Fetch all attachments using xhr/fetch in the Connector and save directly to Zotero and Server

adomasven commented 6 months ago

Seems like when the Connector was initially written there was no XHR support for Blob and ArrayBuffer types. Technically it's not very efficient to do this, but we are facing increasingly more complicated bot protection and it's unlikely to get better in the future.

dstillman commented 6 months ago

(Inspired by https://forums.zotero.org/discussion/114431/pdf-will-not-save-to-zotero, among others)

dstillman commented 5 months ago

https://forums.zotero.org/discussion/comment/465245/#Comment_465245

adomasven commented 3 months ago

https://forums.zotero.org/discussion/116557/zotero-ezproxy-issue

adomasven commented 1 month ago

While this works well for regular downloads, for some sites (ScienceDirect!) that use a JS redirect it will not without custom handling:

Add a hidden iframe on the page with sandbox settings that disallows file downloads (so the user doesn't get prompted to save a file)
Monitor for attempts to navigate to the expected mime-type (either navigation gets aborted after getting headers with content-disposition by iframe sandbox, or it succeeds, which means we needlessly load the file in the iframe)
Then refetch the same page using XHR

Unfortunately at least for ScienceDirect on Safari this doesn't work without some additional custom handholding, because we do not have full cookie access there. We need to make the fetch request for the PDF from the sciencedirect page (not background) as it's allowed per their CSP policy, but this can change at any point.

The biggest drawback here is that we're not equipped to display a captcha window on the browser if anything goes wrong, and even if we opened a new captcha tab, we wouldn't be able to do much with it since we cannot grab the loaded file directly from the browser without using XHR. Also it might trigger a save file prompt if we did this.

Also if some of this breaks we will be hostage to the browser extension approval processes and cannot update as fast as we can with the client.

The other option is to continue using Zotero BrowserDownload for pages where we need JS redirect, but that defeats one of the more exciting parts of this change.
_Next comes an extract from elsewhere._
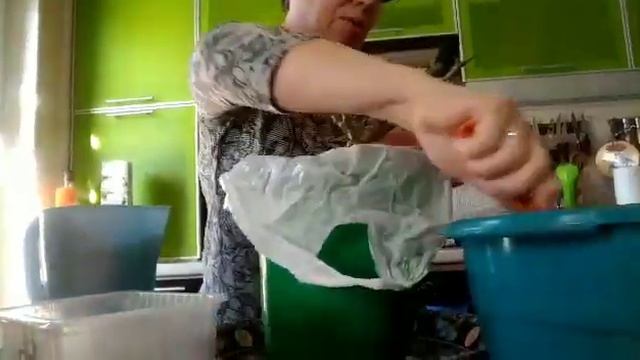 Как сохранить розу до высадки в грунт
adomasven commented 1 month ago

Unfortunately at least for ScienceDirect on Safari this doesn't work without some additional custom handholding, because we do not have full cookie access there. We need to make the fetch request for the PDF from the sciencedirect page (not background) as it's allowed per their CSP policy, but this can change at any point.

I guess the default policy for all attachment XHRs should be to attempt to fetch them using the content XHR and only fallback to background XHR if that fails (most likely due to CORS), and then that might fail too on Safari, but at least we won't need to add an exception.

This would also mean that maybe Safari would work better than now since cookies would be sent more often. On the other hand for multiple saves from Google Scholar and similar websites we'd be needlessly sending content XHR that would all generally fail due to CSP.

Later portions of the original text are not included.